Ce dernier argument a été également avancé par le Burkina et le Niger qui n’en peuvent plus d’appartenir à une institution peinant à atteindre ses objectifs depuis sa création. Un autre argument et pas des moindres qui a poussé les trois Etats cités à quitter l’organisation : le G5 Sahel serait à la solde de la France, avec laquelle, ils ne sont pas en odeur de sainteté.

A Niamey, Bamako et Ouagadougou où, la politique française en Afrique est très mal perçue, on n’a de cesse de dénoncer la mainmise des Occidentaux sur ce « machin » qu’est le G5 Sahel. Les autorités nigériennes et burkinabè n’ont-t-elles pas évoqué à propos des « lourdeurs institutionnelles, des pesanteurs d’un autre âge qui achèvent de nous convaincre que la voie de l’indépendance et de la dignité sur laquelle nous sommes aujourd’hui engagés est contraire à la participation au G5 Sahel dans sa forme actuelle ». L’aventure du Mali au sein de l’institution s’était arrêtée depuis plus d’un an.

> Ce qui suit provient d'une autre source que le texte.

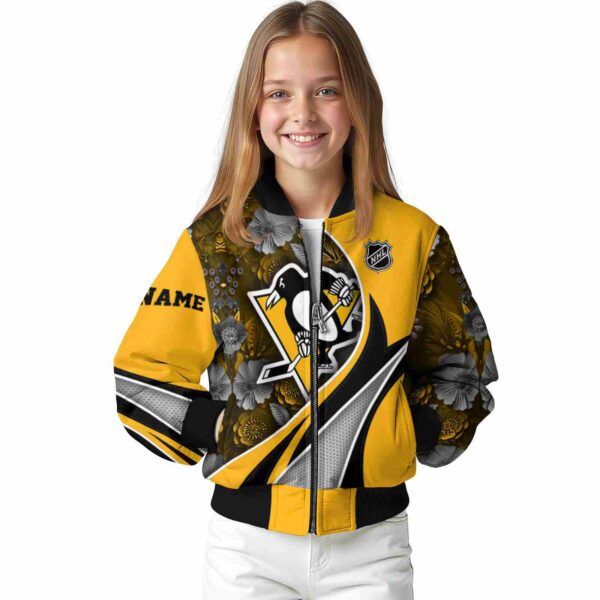 customized pittsburgh penguins floral print yellow jacket top rated jacketwow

C’est le cas à présent pour le Burkina et le Niger. Regroupés  depuis septembre 2023 au sein de l’Alliance des Etats du Sahel (AES), ces trois pays qui partagent les mêmes défis sécuritaires vont désormais conjuguer leurs efforts dans la lutte contre le terrorisme, avec l’appui de nouveaux partenaires (Russie, Turquie…).

Exit donc le G5 Sahel, limité dans ses ambitions par certaines insuffisances et qui ne répond pas à la nouvelle vision de l’AES. Alors qu’il était promis à un bel avenir, l’organisation rencontre des difficultés financières qu’elle n’arrive pas à surmonter. Les promesses de financements, qui devaient garantir la pérennité et le succès des opérations du G5 Sahel, n’ont pas été toutes tenues. Les donateurs s’étaient pourtant montrés très enthousiastes à la Conférence internationale sur le Sahel, tenue à Bruxelles en février 2018, avec des promesses de financements de 415 millions d’Euros. Les soucis financiers compromettent plus ou moins la mise en œuvre de la force conjointe du G5 Sahel. Entrée en action en novembre 2017 avec le soutien de l’ex-opération militaire française au Sahel, Barkhane, cette force qui devrait contribuer à combattre avec brio les terroristes, a été vite confrontée à des problèmes opérationnels et logistiques. Ces limites objectives n’ont pas permis à la force conjointe de faire mouche. Bien au contraire, l’insécurité s’est accrue au Sahel pour s’étendre jusqu’ aux pays côtiers, tels que le Togo et le Bénin.

En quête de solutions pour ses problèmes financiers, le G5 Sahel qui n’a pas encore réussi à faire placer sa force conjointe sous le chapitre VII de la Charte des Nations unies voit ses fondements ébranlés avec le départ des trois pays. Si l’institution a survécu au départ du Mali, il n’est pas évident cette fois-ci avec le départ du Niger et du Burkina, tous aussi affectés par le terrorisme. Il ne reste plus que la Mauritanie et le Tchad qui donnent corps au G5 Sahel. Alors, on est en droit de s’interroger sur la capacité de ces deux pays à continuer à faire fonctionner l’organisation, sans les autres membres, dans un contexte géopolitique aussi clivant. On ne saurait proclamer la mort du G5 Sahel, mais il faut reconnaitre que son avenir est en pointillé ».